The Fifth Circuit acknowledged that the demise of Chevron two weeks before the July 9, 2024, oral argument in the appeal did not impact arguments from DOL or the plaintiffs who challenged in the rule, because each maintained they had the best reading of ERISA. In addition, neither party suggested the case should be remanded to the district court in light of the intervening Supreme Court precedent. The court nonetheless decided to vacate the lower court decision and remand the case in accordance with its "normal" and "modest" practice when changes in precedent apply to cases pending on appeal. The court stated that this practice is also warranted because appellate courts are courts "of review, not first view." According to the court, this practice respects the independence and "special role" of district court judges in the judicial system, especially considering the Supreme Court's statements in Loper Bright that courts must discharge their "solemn duty" of interpreting laws without influence from the "political branches" of government. 

The District Court for the Northern District of Texas will now reconsider the plaintiffs' challenge to the DOL rule in light of the Supreme Court's decision in Loper Bright.

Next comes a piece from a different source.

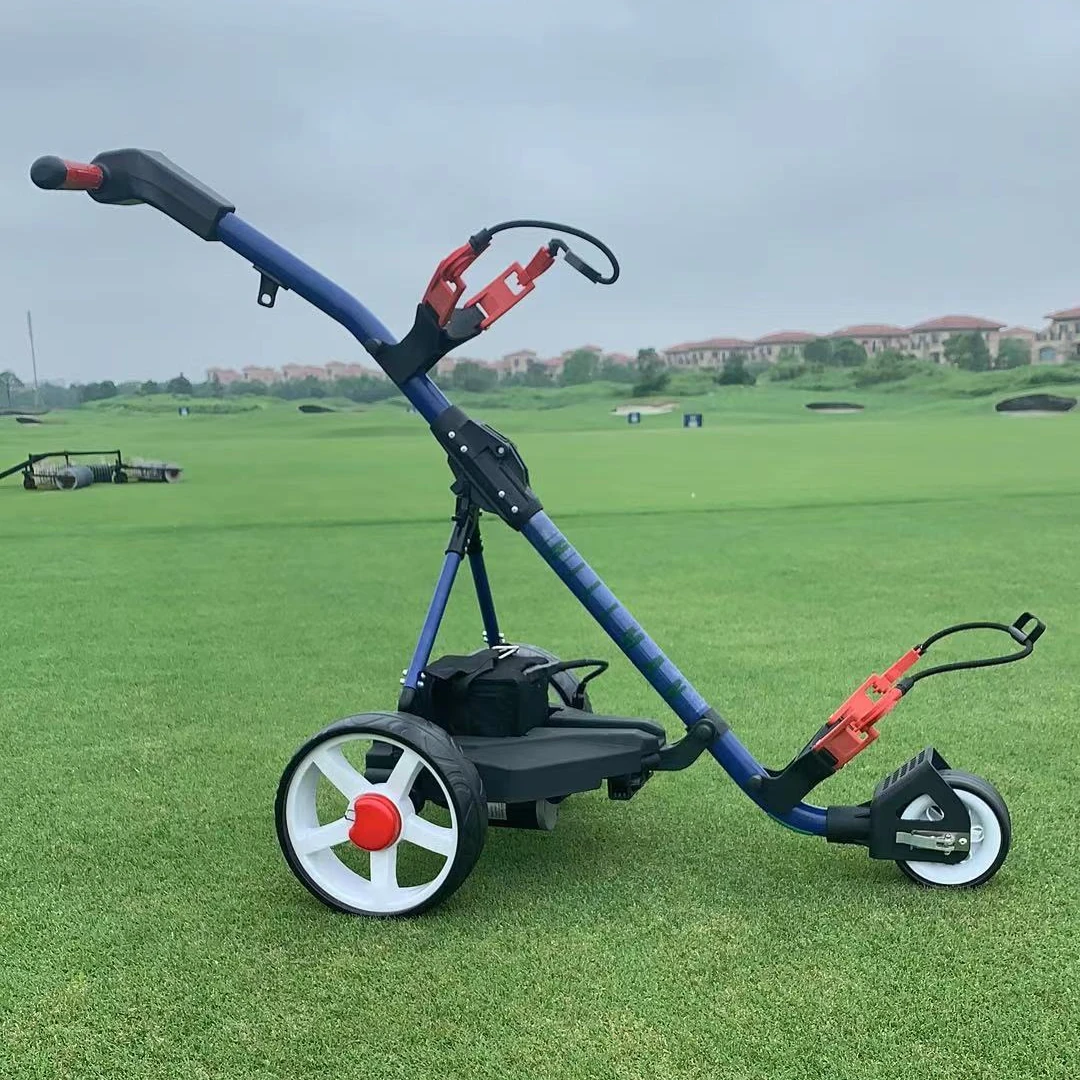 

Electric Push Golf Trolley golf buggy golf cart With Lithium battery Lead Acid battery 12V Blue Color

Eighth Circuit Dismisses Cross-Plan Offsetting Lawsuit for Lack of Standing

Earlier in July, the U.S. Court of Appeals for the Eighth Circuit upheld a lower court ruling that the plaintiffs in Smith et al. v. UnitedHealth Group, Inc., No. 23-2369 (8th Cir. July 8, 2024), lacked standing to bring ERISA fiduciary breach and prohibited transaction claims against UnitedHealth Group, Inc. (United), challenging United's practice of cross-plan offsetting. Cross-plan offsetting is a health plan payment practice whereby a plan administrator of multiple plans corrects a mistaken overpayment to an out-of-network healthcare provider from one plan by offsetting a future payment to the same provider on a claim of a participant in a different plan. The plaintiffs, who sought to represent a class of "all persons in the United States who were covered under an ERISA self-funded plan administered by United, who had at least one claim not paid in full because United applied some portion of the covered amount toward an alleged overpayment by a different plan," alleged that by underpaying or failing to pay benefits to providers on their claims, United exposed them to balance billing for the offset amounts in violation of United's fiduciary duties under ERISA. Although both plaintiffs had claims subjected to cross-plan offsetting, neither plaintiff was, in fact, balance billed by their provider. 

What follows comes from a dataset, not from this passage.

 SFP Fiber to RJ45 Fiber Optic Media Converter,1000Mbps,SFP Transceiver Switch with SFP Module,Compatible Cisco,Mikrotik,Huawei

The plaintiffs argued that they suffered a concrete injury similar to the plan participants in Mitchell v. Blue Cross Blue Shield of North Dakota, 953 F. 3d 529 (8th Cir. 2020), where the Eighth Circuit held that the denial of contractually entitled benefits is a particularized and concrete injury sufficient to support standing. The court distinguished Mitchell because the plaintiffs' plans explicitly delegated to United the discretion to implement cross-plan offsetting and found no concrete injury to the plaintiffs. In addition, citing the Supreme Court's decision in Clapper v. Amnesty Int'l USA, the Eighth Circuit rejected the notion that there was a material risk of future harm sufficient to support standing arising from providers' possible future collection actions against plaintiffs because "[p]laintiffs cannot rely on speculation about the unfettered choices made by independent actors not before the court."

The court did not reach the substantive question of whether cross-plan offsetting violates ERISA. In 2019, the Eighth Circuit heard a similar claim in Peterson v. UnitedHealth Group, Inc., 913 F.3d 769 (8th Cir. 2019), where it suggested that cross-plan offsetting may violate ERISA but stopped short of reaching that holding. According to the Peterson court, "[w]hile we need not decide here whether cross-plan offsetting necessarily violates ERISA, at the very least it approaches the line of what is permissible." However, in Peterson, unlike Smith, the plans did not contain terms authorizing the practice of cross-plan offsetting. 

Cross-plan offsetting has been the subject of a handful of lawsuits over the past seven years and will likely continue to be the subject of ERISA litigation going forward. As the Eighth Circuit's decisions indicate, whether plaintiffs have been balanced billed due to the practice and whether plan terms address the practice will likely control the outcome of these cases.

On July 22, 2024, the plaintiffs in Smith asked for a rehearing of their appeal before the Eighth Circuit, arguing that the case "presents questions of exceptional importance relating to the standing of participants and beneficiaries to bring claims under [ERISA]."

Upcoming Speaking Engagements and Events

Joanne and Tax Member Rob Kovacev are presenting the webinar "Perspectives Post-Chevron: What to Expect and How to Navigate the New Regulatory Landscape" on August 1. 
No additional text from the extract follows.